■ **What is expected**:
From the first line to the last, print the material exactly, skipping the pictures.

┌─ Dataset excerpt

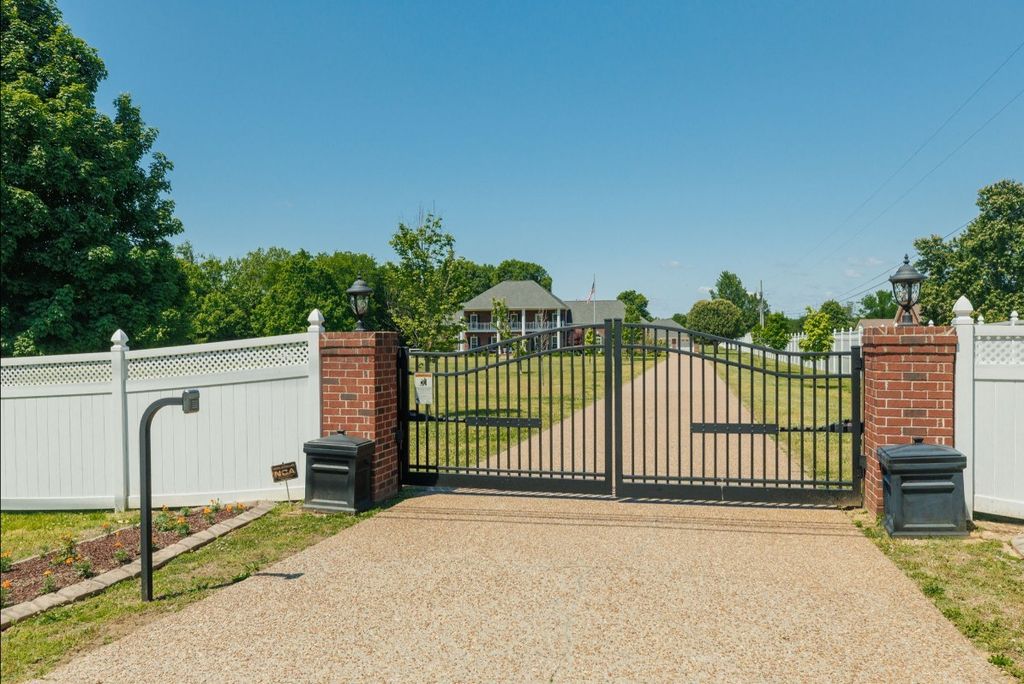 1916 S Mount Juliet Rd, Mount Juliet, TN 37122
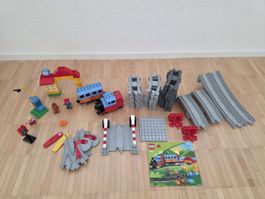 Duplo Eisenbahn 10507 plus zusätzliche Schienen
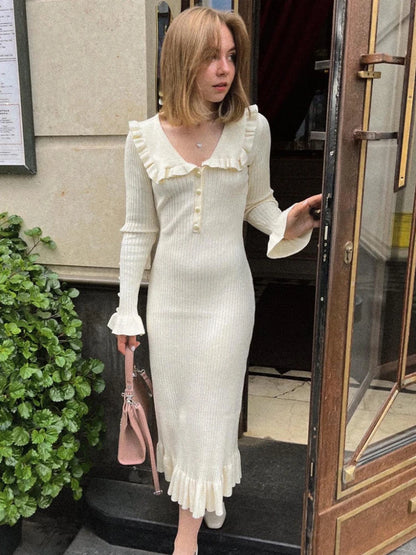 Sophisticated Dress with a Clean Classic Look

└─

■ **Answer section**:
 1916 S Mount Juliet Rd, Mount Juliet, TN 37122
 Duplo Eisenbahn 10507 plus zusätzliche Schienen
 Sophisticated Dress with a Clean Classic Look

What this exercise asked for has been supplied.